There are disagreements in politics. And then there is willful stupidity. This, alas, is an example of the latter. “Eddie the Eagle” is a private, trademarked, fictional character owned by an organization that is able to restrict his replication as much as it wishes. Firearms, by contrast, are constitutionally protected goods that cannot be denied to free people without good cause. Of course it is easier to get hold of one than the other. To buy a gun one needs to be of a certain age and to be without a criminal record; to obtain an “Eddie the Eagle” costume one needs to meet whatever conditions the character’s owners have imposed. One might as well ask why it is easier for a person to buy a machete than to take Jennifer Lawrence out for dinner. “But one is nicer than the other; surely that counts for something?!”
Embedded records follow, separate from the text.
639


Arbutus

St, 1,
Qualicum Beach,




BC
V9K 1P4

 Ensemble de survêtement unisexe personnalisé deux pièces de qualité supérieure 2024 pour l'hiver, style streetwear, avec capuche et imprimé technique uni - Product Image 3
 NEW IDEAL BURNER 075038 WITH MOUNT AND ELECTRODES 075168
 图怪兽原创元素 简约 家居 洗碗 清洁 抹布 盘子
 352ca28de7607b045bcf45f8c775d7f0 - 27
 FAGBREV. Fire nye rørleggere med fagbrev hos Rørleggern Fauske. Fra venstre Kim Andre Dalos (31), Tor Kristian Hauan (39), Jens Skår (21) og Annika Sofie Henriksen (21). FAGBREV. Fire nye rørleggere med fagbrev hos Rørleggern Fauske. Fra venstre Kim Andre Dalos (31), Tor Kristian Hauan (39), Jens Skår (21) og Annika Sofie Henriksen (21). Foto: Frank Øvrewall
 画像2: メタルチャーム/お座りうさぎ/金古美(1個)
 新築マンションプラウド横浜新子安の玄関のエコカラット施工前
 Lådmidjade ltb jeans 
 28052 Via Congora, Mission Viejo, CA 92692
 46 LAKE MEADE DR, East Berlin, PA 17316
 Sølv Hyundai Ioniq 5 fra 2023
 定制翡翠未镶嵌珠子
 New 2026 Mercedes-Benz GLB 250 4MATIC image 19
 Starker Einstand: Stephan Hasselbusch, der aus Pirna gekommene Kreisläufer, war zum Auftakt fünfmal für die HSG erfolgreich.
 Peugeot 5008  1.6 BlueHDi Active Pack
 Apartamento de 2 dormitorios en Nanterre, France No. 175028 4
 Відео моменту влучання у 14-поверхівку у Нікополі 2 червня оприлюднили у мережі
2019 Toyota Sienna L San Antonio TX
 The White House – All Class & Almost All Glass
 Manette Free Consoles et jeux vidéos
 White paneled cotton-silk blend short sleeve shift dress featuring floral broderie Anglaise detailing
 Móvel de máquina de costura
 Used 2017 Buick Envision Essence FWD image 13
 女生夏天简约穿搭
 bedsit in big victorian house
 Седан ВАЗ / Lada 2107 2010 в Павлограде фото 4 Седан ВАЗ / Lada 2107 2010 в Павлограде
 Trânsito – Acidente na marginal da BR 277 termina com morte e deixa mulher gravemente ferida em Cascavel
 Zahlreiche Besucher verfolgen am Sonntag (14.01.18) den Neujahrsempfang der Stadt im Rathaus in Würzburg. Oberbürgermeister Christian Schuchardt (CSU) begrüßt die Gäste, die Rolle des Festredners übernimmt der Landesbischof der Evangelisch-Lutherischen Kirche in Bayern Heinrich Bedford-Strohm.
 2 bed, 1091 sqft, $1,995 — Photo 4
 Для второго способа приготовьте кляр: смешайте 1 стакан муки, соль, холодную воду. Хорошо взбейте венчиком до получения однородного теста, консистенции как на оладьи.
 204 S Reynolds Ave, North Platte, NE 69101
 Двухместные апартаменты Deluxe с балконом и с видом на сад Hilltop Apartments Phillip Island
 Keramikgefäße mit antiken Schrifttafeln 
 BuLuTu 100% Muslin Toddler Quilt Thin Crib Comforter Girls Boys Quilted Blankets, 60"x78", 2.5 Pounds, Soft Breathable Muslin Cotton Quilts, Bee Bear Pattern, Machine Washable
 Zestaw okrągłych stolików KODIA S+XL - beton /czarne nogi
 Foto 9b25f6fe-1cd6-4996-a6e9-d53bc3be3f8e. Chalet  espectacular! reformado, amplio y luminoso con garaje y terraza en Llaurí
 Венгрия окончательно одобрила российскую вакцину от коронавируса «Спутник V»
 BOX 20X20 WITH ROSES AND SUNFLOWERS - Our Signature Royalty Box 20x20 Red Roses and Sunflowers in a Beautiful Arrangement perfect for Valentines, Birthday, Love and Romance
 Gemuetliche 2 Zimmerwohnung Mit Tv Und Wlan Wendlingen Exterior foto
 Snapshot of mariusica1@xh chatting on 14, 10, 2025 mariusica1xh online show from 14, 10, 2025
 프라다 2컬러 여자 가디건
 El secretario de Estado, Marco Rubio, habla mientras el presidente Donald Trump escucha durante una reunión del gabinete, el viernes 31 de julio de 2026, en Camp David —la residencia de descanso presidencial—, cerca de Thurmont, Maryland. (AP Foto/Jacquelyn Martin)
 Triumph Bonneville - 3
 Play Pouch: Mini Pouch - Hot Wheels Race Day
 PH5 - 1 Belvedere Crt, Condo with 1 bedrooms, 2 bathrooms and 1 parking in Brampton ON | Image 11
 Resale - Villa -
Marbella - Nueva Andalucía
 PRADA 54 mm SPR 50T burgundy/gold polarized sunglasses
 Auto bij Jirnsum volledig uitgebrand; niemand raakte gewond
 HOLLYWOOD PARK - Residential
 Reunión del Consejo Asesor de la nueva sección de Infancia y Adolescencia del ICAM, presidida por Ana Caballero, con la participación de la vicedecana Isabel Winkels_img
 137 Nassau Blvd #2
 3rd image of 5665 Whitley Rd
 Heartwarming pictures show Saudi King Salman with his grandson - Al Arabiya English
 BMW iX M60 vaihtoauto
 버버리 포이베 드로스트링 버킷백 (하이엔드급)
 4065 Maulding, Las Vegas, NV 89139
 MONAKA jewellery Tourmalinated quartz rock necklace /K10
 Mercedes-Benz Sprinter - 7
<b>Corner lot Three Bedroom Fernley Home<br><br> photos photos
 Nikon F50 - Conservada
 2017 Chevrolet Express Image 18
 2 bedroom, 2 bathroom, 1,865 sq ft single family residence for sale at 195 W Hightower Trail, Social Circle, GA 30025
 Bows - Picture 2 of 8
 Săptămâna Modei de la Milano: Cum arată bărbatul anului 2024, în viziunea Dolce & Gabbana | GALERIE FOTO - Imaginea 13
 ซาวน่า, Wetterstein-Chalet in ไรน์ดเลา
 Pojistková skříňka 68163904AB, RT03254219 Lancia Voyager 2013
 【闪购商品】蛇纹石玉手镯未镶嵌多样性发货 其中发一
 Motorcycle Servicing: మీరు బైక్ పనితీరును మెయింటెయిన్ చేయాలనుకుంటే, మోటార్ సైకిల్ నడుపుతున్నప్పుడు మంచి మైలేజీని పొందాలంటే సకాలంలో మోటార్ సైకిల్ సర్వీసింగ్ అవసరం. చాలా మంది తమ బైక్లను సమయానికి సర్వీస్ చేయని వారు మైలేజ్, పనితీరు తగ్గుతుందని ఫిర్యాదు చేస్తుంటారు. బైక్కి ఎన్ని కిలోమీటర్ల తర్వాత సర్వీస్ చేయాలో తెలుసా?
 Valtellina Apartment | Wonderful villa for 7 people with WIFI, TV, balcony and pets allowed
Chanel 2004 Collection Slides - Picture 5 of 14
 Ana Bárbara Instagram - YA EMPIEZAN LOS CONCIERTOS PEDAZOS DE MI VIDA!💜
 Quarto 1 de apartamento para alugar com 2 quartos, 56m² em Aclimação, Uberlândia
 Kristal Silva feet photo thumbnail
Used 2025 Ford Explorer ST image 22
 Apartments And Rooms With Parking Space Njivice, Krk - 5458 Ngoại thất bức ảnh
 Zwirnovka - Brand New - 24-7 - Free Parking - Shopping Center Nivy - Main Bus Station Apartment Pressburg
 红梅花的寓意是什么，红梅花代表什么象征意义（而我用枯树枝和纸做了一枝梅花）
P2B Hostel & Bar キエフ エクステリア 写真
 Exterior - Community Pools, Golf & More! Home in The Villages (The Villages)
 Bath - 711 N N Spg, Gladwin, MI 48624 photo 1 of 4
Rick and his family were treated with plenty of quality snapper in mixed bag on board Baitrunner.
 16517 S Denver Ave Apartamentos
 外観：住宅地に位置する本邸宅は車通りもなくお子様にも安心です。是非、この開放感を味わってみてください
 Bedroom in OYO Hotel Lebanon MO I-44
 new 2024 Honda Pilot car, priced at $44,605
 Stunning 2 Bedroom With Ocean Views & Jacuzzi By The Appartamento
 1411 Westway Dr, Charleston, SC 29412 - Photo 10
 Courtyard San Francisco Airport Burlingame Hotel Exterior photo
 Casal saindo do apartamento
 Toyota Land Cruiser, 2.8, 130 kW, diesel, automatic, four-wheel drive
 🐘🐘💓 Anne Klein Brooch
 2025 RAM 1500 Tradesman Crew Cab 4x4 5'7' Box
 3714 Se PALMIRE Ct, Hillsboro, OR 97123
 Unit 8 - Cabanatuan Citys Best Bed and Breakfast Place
At Vox, German Lopez pretends that he thinks Bee has a case:

The point: While the NRA values making its costume extremely difficult to obtain, the organization — by lobbying for laxer gun laws — seems okay with letting people get a gun without much, if any, of a hassle.
The skit really isn’t a stretch.

On the contrary: The “skit” is not only “a stretch,” it’s utterly desperate. By Lopez’s logic, it should be more difficult to purchase a tank of gasoline than to open a McDonalds franchise, or harder to purchase an automobile than to convince your unwilling neighbor to sell you his blankets. But it’s not. Why? Well, because in one case the supply is restricted by the property’s owners, and in the other it is not.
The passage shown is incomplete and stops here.